=== Stored data ===
"""

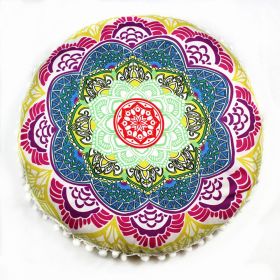 Flower Round Seat Cover Furniture Cushion Case (Option: Yellow Rose Flowers-43cm Diameter Pillowcase)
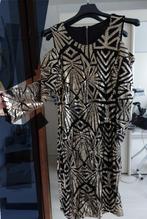 Robe soir moulante noir paillette or, manche attaché, S, Sans marque, Zwart, Ophalen of Verzenden, Zo goed als nieuw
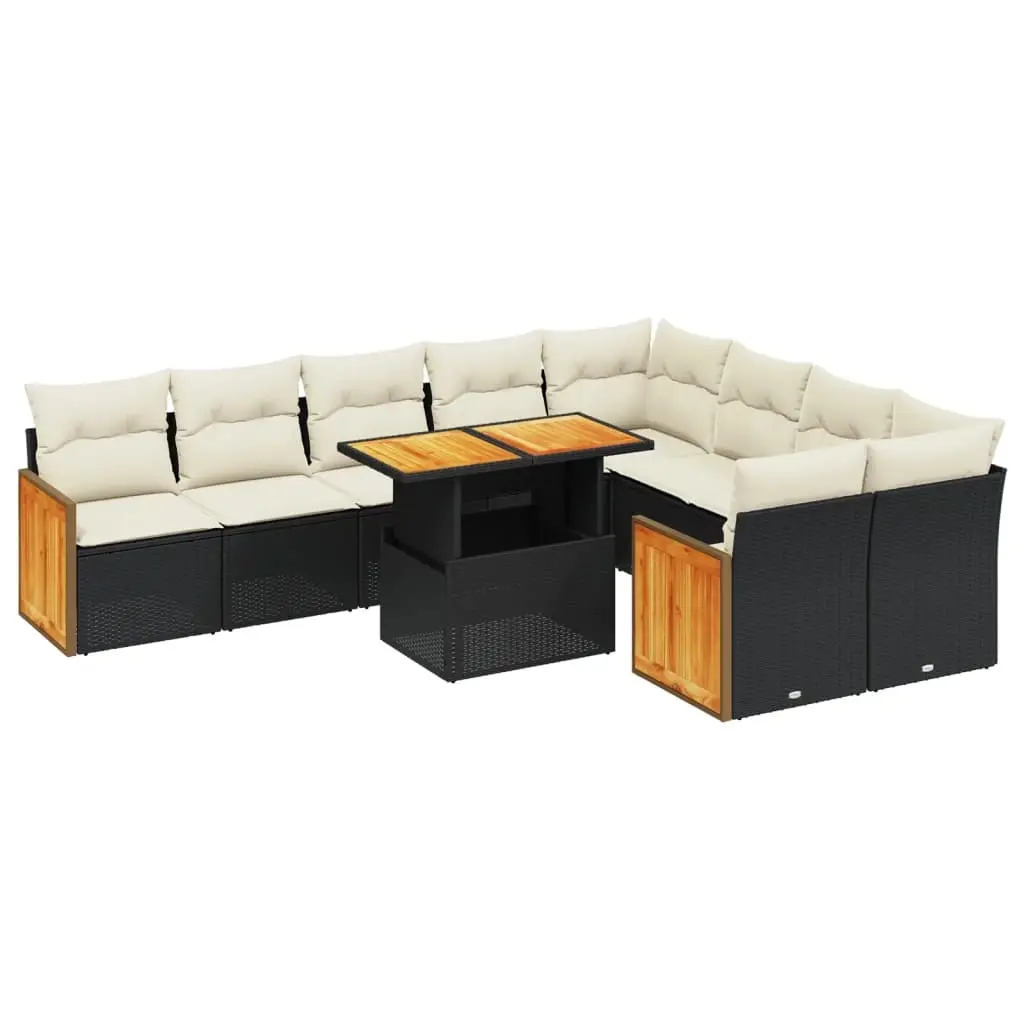 10 Piece Garden Sofa Set with Cushions Black Poly Rattan 3274115 - Furniture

"""

=== Action item ===
Extract every line of the data exactly; pictures stay out.

=== Response to this exercise ===
 Flower Round Seat Cover Furniture Cushion Case (Option: Yellow Rose Flowers-43cm Diameter Pillowcase)
 Robe soir moulante noir paillette or, manche attaché, S, Sans marque, Zwart, Ophalen of Verzenden, Zo goed als nieuw
 10 Piece Garden Sofa Set with Cushions Black Poly Rattan 3274115 - Furniture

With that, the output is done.